Exercise instructions
Could the lines from the line bearing "-Campingbedarf Geschäft 5a4e23956e686d8610da8e6a6326827e" to the end of the records below be copied exactly, with the pictures left out and no other lines added?

Supplied entries
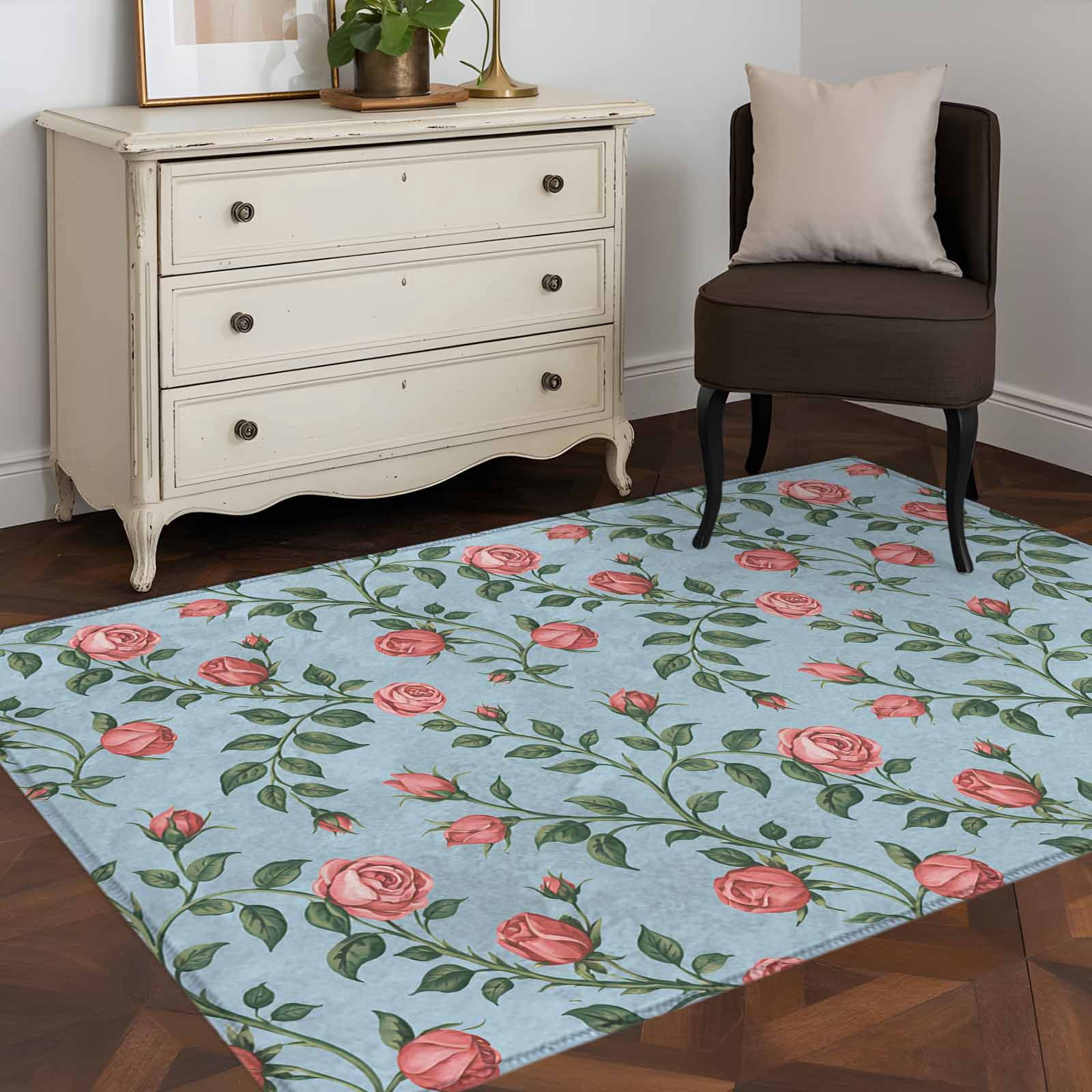 3'x5' Area Rugs, Spring Roses Botanical Indoor Outdoor Area Rug for Living Room Bedroom, Farmhouse Floral Blue Washable Bathroom Rugs Kitchen Floor Carpet Mats Home Decor Aesthetic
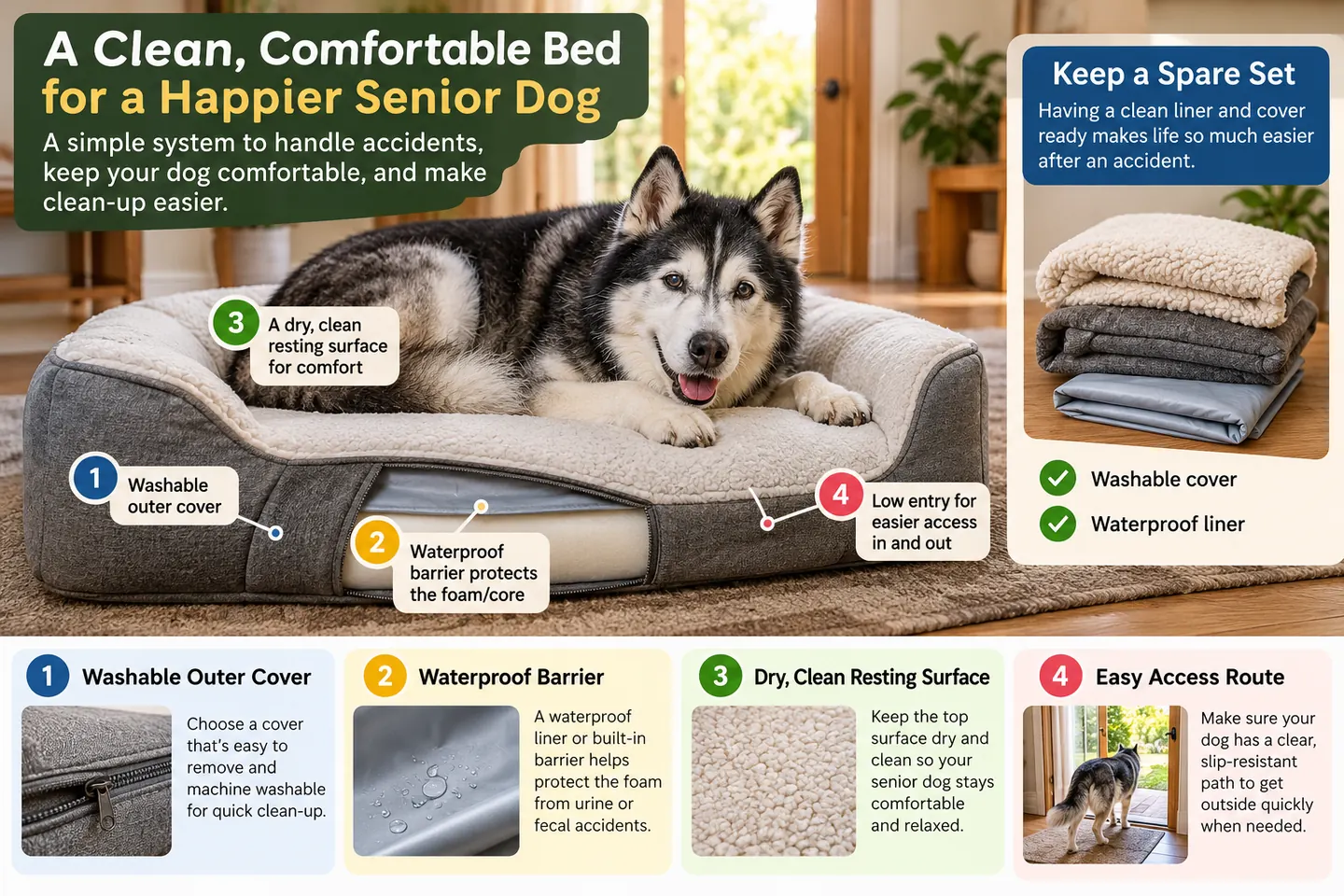 Infographic showing a senior dog bed with a washable cover, waterproof barrier, dry resting surface, easy access route, and spare bedding
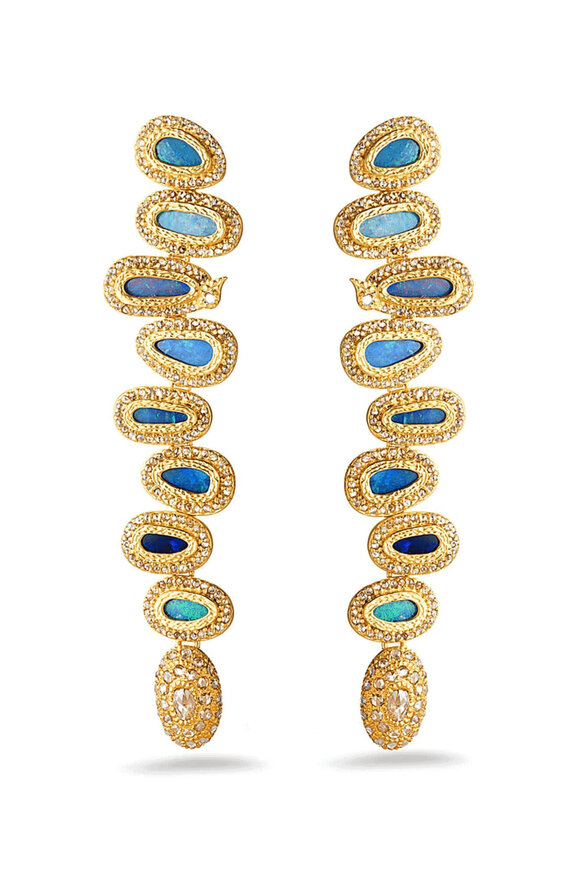 Coomi Long Diamond & Austrian Opal Drop Earrings - view 1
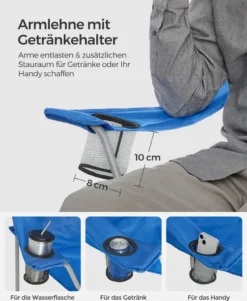 SONGMICS Campingstuhl, 2er-Set, Klappbar, Komfortabel, Klappstuhl Mit Robustem Gestell, Bis 150 Kg Belastbar, Mit Flaschenhalter, Outdoor Stuhl GCB08BU -Campingbedarf Geschäft 5a4e23956e686d8610da8e6a6326827e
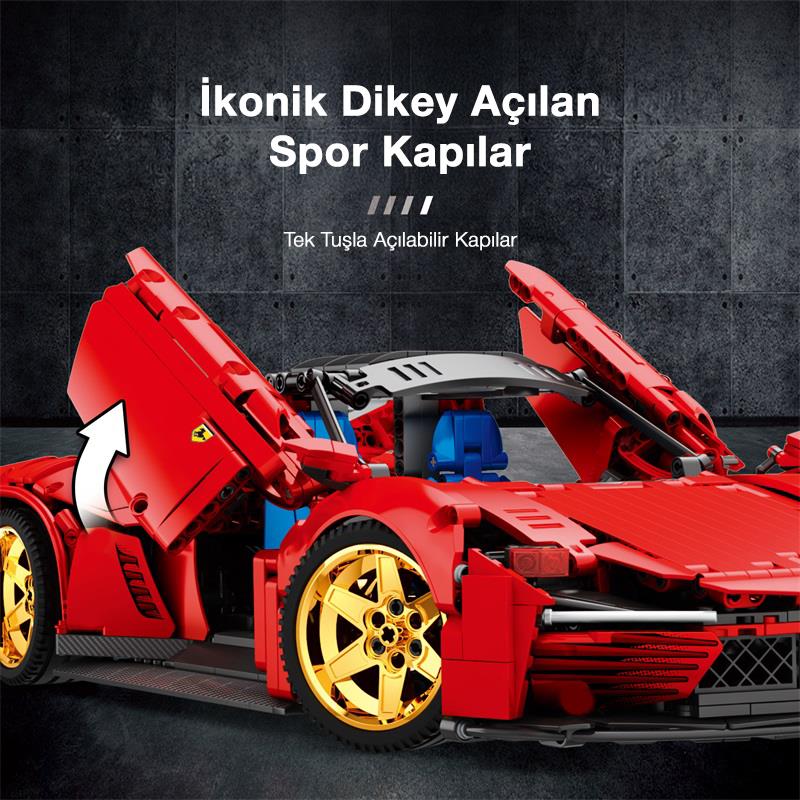 Reobrix Technic 11025-D Ferrari Daytona SP3 Araba Kumanda&Motorlu Yapı Blok Seti Building Blocks-1958Parça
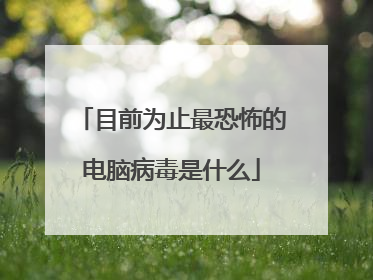 目前为止最恐怖的电脑病毒是什么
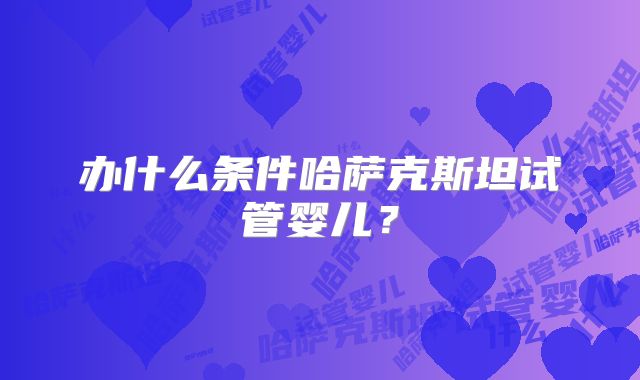 办什么条件哈萨克斯坦试管婴儿？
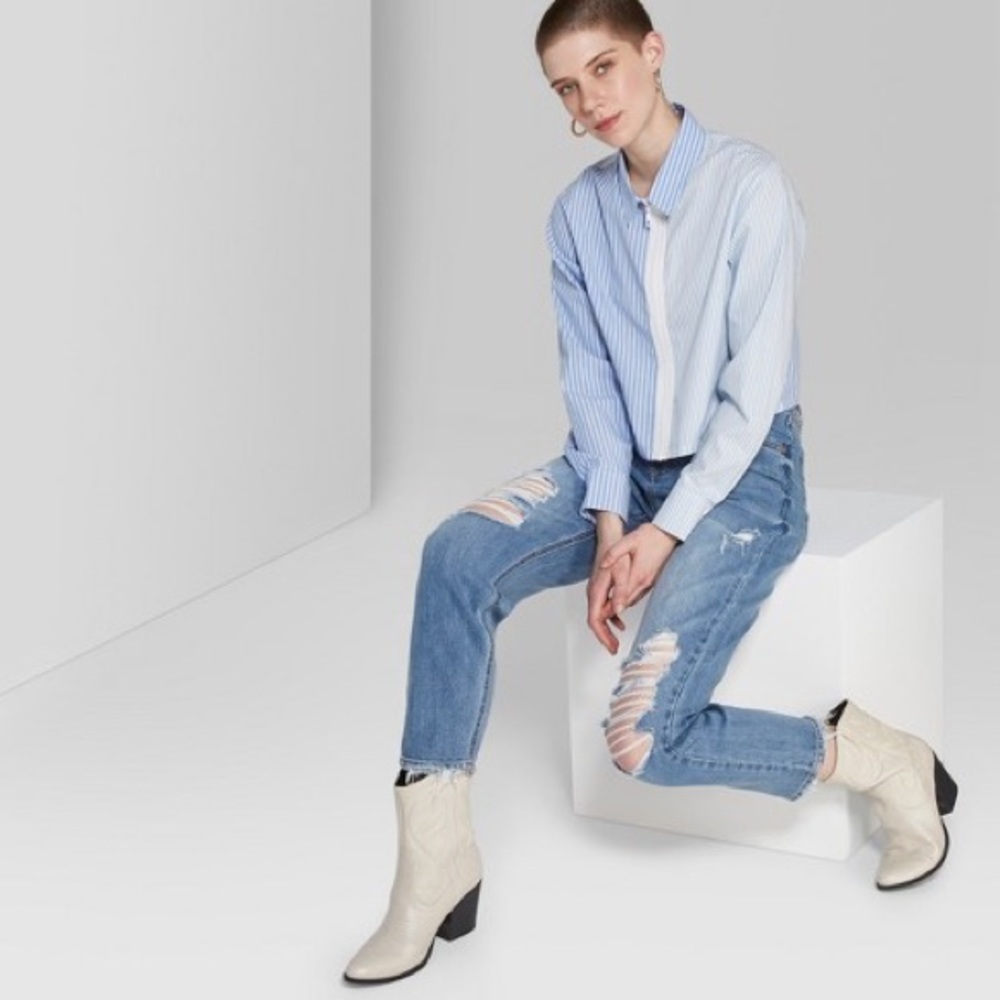 Wild fable high rise ripped mom jeans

Exercise answer
 SONGMICS Campingstuhl, 2er-Set, Klappbar, Komfortabel, Klappstuhl Mit Robustem Gestell, Bis 150 Kg Belastbar, Mit Flaschenhalter, Outdoor Stuhl GCB08BU -Campingbedarf Geschäft 5a4e23956e686d8610da8e6a6326827e
 Reobrix Technic 11025-D Ferrari Daytona SP3 Araba Kumanda&Motorlu Yapı Blok Seti Building Blocks-1958Parça
 目前为止最恐怖的电脑病毒是什么
 办什么条件哈萨克斯坦试管婴儿？
 Wild fable high rise ripped mom jeans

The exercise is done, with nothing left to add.